We never did get to meet the Riverdale black bear, but later we heard that he was spotted in South Needham, the next town over from us, and one of those wealthy upper class and snooty communities, where if the residents saw the bear, they probably looked at him with condescending and superior attitudes, when the bear didn’t pull up in a Mercedes. “Does this bear understand what it means to live in South Needham?” they probably asked each other, with their skeptical and ‘quick to disapprove of and dismiss’ facial expressions.

And if only I was there, I would have quickly answered them, by replying “I won’t tell the bear what a drag it is to live in South Needham if you don’t, but I’m sure the bear would soon find out just how unbearable it is to have people like you for neighbors, without me giving away your ugly secrets. Like how you wouldn’t allow Jews in the South Needham Country Club until 1972, and how shockingly progressive of you to move forward on that issue so quickly!”

There have been no more sightings of the black bear around our area that I know of, but I hope that he headed for Natick, cause it’s a nice town with more down to earth and friendly people, who aren’t so mean spirited, arrogant and full of their own overblown egos.

But my guess is that the black bear who came to visit our Riverdale neighborhood, but then made the mistake of crossing over into South Needham, is now long gone from these parts. Those dickheads and their trophy wife gold diggers probably offended the bear’s dignity, by demanding that he submit a financial report for his business, along with proof of his annual personal income, and a complete family genealogy to the South Needham HOA within a week, and no later.

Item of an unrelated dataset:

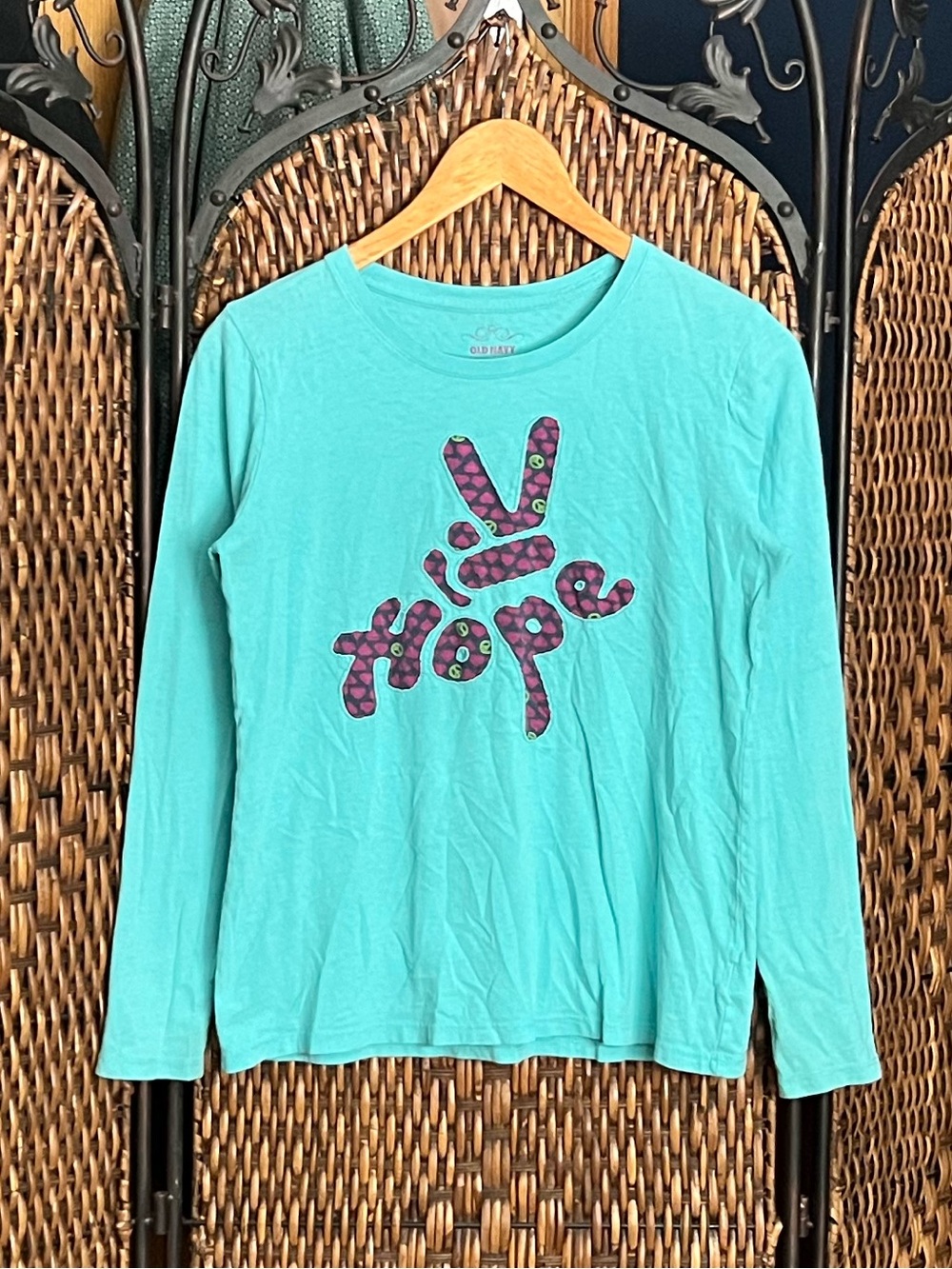 M Old Navy Hope Patched Long Sleeve Cotton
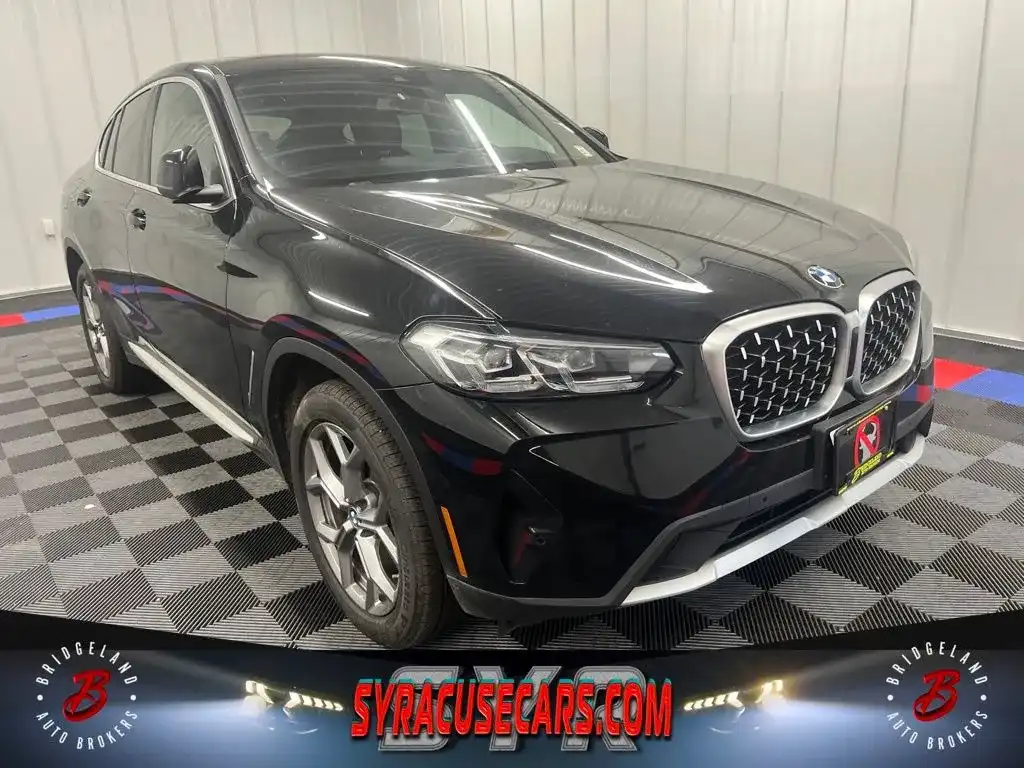 2025 BMW X4 xDrive30i's photo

Our Riverdale bear would never have a chance in South Needham anyway, because our Riverdale bear is black, and they’d never allow a black bear to live in their lily white community.

Yeah, I’m sure we’ll never see our Riverdale black bear around here again. I just know that those South Needham A-holes made our black bear guest feel so insulted and unwelcome, that he growled “Well fuck this shit, and I don’t know why I wasted the trip to come down here! I’m high tailing my black bear ass back up to Lincoln New Hampshire, and going back to my job in the bear show at Clark’s Trading Post!”

So as our former Riverdale neighborhood black bear ambled along through the woods parallel to Intestate 93 North and back into New Hampshire, he was alone with his thoughts as he reviewed the pros and cons of his life…

‘Some of those tricks that they make me do at Clark’s are pretty stupid and kinda degrading, but at least when I do them, people clap for me and they look happy. Folks up there treat me like a black bear celebrity, and they get in line and wait eagerly to see my performances, after spending their hard earned cash to buy tickets for my show.’

‘Maybe I was taking that too much for granted when I took off, because now I know it’s just so much better than those rich and racist snobs in South Needham treating me like bear shit in the woods, while acting like I’m a potential criminal, and a threat to their sky high property values. And I can just imagine their reaction when I tried to date one of their daughters!’

‘I guess that I was just in a real bear of a mood the other day, when I demanded a 20% raise in my bear kibble, and a raw sirloin steak for dessert from now on. And demanding 10% of the gate was just unrealistic in these hard economic times, and really asking for trouble. It’s no wonder Mr. Clark got so angry and told me to go do what a bear does in the woods!’

‘Maybe when I talk to Clark about getting my job back, I’ll try to seem much more reasonable, and if I treat him with the proper respect, he’ll be more receptive to a compromise when I tell him that I know my demand for 10% of the gate wasn’t fair, and asking for a 20% raise in bear kibble was excessive.’

‘Yeah, that might work… I’ll offer him a return of my services as his star bear performer in The Clark’s Trading Post bear show, in return for only a 10% raise in bear kibble, and throwing in that raw sirloin steak for my dessert. Clark’s a pretty reasonable guy, and I think he’ll go for it.’

‘So I guess this whole trip down south was one of those learning experiences in life for me. I learned that the grass isn’t really greener on the other side of the border down in those Boston suburbs, and in some places, the bigger the lawn is, the bigger the asshole is who owns it.’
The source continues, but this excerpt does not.